The following blog entry is written from a defendant’s position as trial approaches. Reviewing this kind of briefing should help potential plaintiffs and clients better understand how parties in personal injury cases present such issues to the court.

(Please note: the names and locations of all parties have been changed to protect the confidentiality of the participants in this birth injury/medical malpractice case and its proceedings.)

It is worth noting that situations similar to those described in this case could just as easily occur at any of the healthcare facilities in the area, such as Kaiser, U.C. Davis Medical Center, Mercy, or Sutter.

However, central to the ruling in Burgess is the admonition that the direct victim theory of NIED does not create a new cause of action, but instead simply recognizes that an obstetrician owes a duty of care to a pregnant mother in addition to the injured baby, even if the mother suffers no harm herself. The Supreme Court stated:

We have repeatedly recognized that the negligent causing of emotional distress is not an independent tort, but the tort of negligence. The traditional elements of duty, breach of duty, causation, and damages apply.
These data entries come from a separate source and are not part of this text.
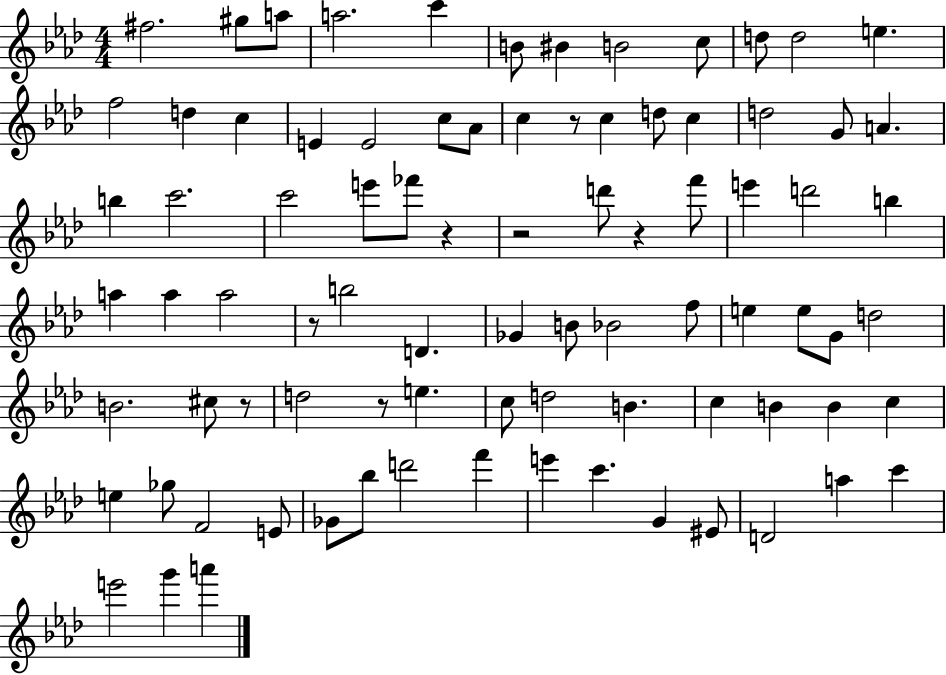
{
  \clef treble
  \numericTimeSignature
  \time 4/4
  \key aes \major
  fis''2. gis''8 a''8 | a''2. c'''4 | b'8 bis'4 b'2 c''8 | d''8 d''2 e''4. | \break f''2 d''4 c''4 | e'4 e'2 c''8 aes'8 | c''4 r8 c''4 d''8 c''4 | d''2 g'8 a'4. | \break b''4 c'''2. | c'''2 e'''8 fes'''8 r4 | r2 d'''8 r4 f'''8 | e'''4 d'''2 b''4 | \break a''4 a''4 a''2 | r8 b''2 d'4. | ges'4 b'8 bes'2 f''8 | e''4 e''8 g'8 d''2 | \break b'2. cis''8 r8 | d''2 r8 e''4. | c''8 d''2 b'4. | c''4 b'4 b'4 c''4 | \break e''4 ges''8 f'2 e'8 | ges'8 bes''8 d'''2 f'''4 | e'''4 c'''4. g'4 eis'8 | d'2 a''4 c'''4 | \break e'''2 g'''4 a'''4 | \bar "|."
}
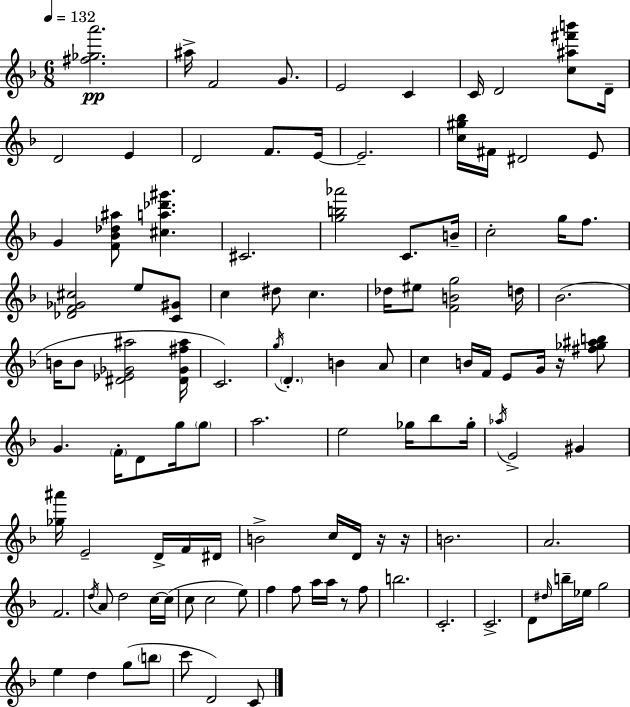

In contrast [to the bystander theory of NIED], the label direct victim arose to distinguish cases in which damages for serious emotional distress are stated as a result of a breach of duty owed the plaintiff, that is assumed by the defendant or imposed on the defendant is a matter of law, or that arises out of a relationship between the two. In these cases, the limits set forth in Thing, supra, have no direct application. Rather, well-settled principles of negligence are invoked to determine whether all elements of a cause of action, including duties, are present in a given case.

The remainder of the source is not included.